Acceleration of 2.0kg Block: Solve Forces/Tension Problem

[Dormin]

Homework Statement

The 1.0 kg block in the figure is tied to the wall with a rope. It sits on top of the 2.0 kg block. The lower block is pulled to the right with a tension force of 20 N. The coefficient of kinetic friction at both the lower and upper surfaces of the 2.0 kg block is mu_k = 0.380.

What is the acceleration of the 2.0 kg block?

Homework Equations

a = F/m
F_friction = mg * mu_k

The Attempt at a Solution

I found in a previous question that the tension of the rope holding the 1kg block, and thus the force of friction on the top of the 2kg block, was 3.72N (mg * mu_k = 9.8 * .38 = 3.72).

So the frictional force on the bottom of the 2kg block:

mg * mu_k = 2 * 9.8 * .38 = 7.448

Those two forces hold back the 20N force pulling to the right, so the total force acting on it to the right is:

20 - 3.72 - 7.448 = 8.832

So using a = F/m:

a = 8.832 / 2 = 4.416 m/s^2

However, 4.416 is incorrect.

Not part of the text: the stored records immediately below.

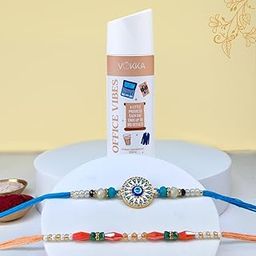 VOKKA Rakhi Gift for Brother – 1 Unisex Deodorant 150ml Office Vibes with 2 Rakhis | Bright Evil Eye & Colour Beads Rakhi | Raksha Bandhan Combo Set for Bhaiya & Bhabhi-image-84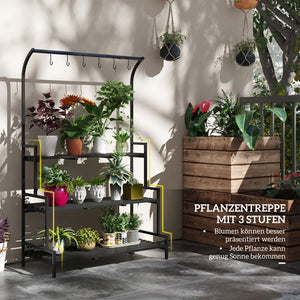 Blumenständer mit 3 Etagen und 6 Haken Indoor Outdoor Metall schwarz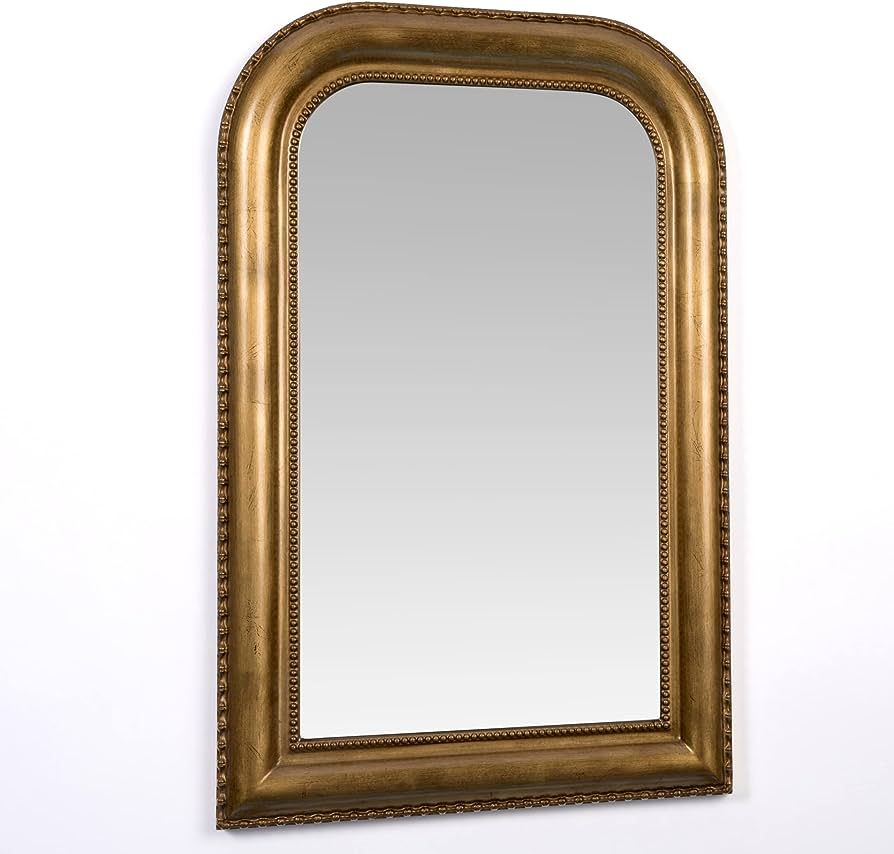 Amazon.com: Hamilton Hills 20" x 30" Classic Gold Framed Rich Framed Top Round Corner Mirror | Th... | Amazon (US)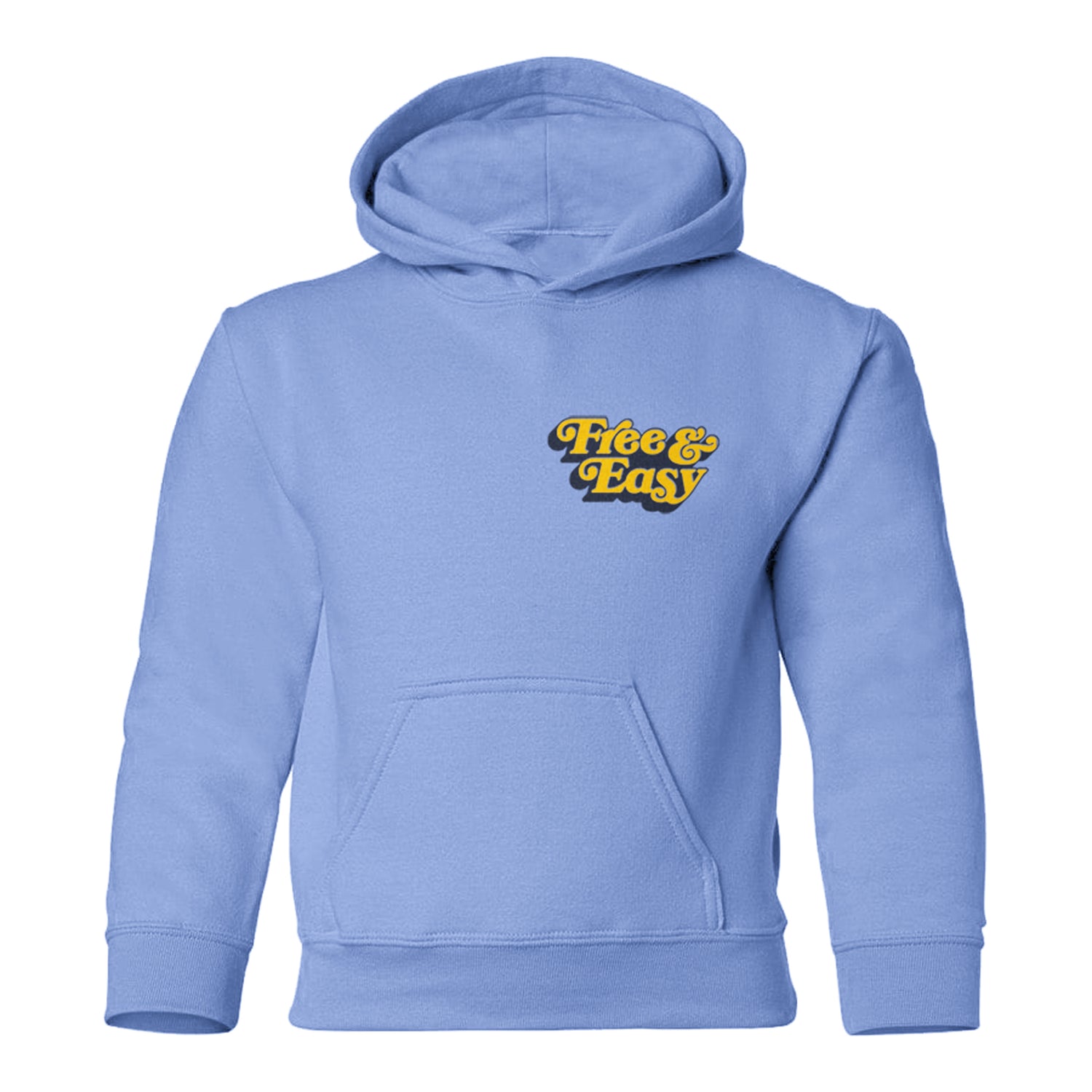 Be Happy Kids Hoodie in blue with yellow and navy Free & Easy left chest print on front on white background - Free & Easy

Any help you could give would be appreciated. Thanks!

 

[Redsummers]

The upper friction done by the 1-kg block is okay (3.72N), but I see a problem in the friction on the bottom, you should check what's the real mass affecting to that second friction.

 

[rl.bhat]

Hi Dormin, welcome to PF.
Net friction force on the lower surface is due to the normal reaction of 3 kg mass. It is in the opposite direction of 20 N. Frictional force on the upper surface of 2 kg block is due to 1 kg mass. It is also in the opposite direction of applied force.
Now find the net friction force on the lower block which opposes the applied force.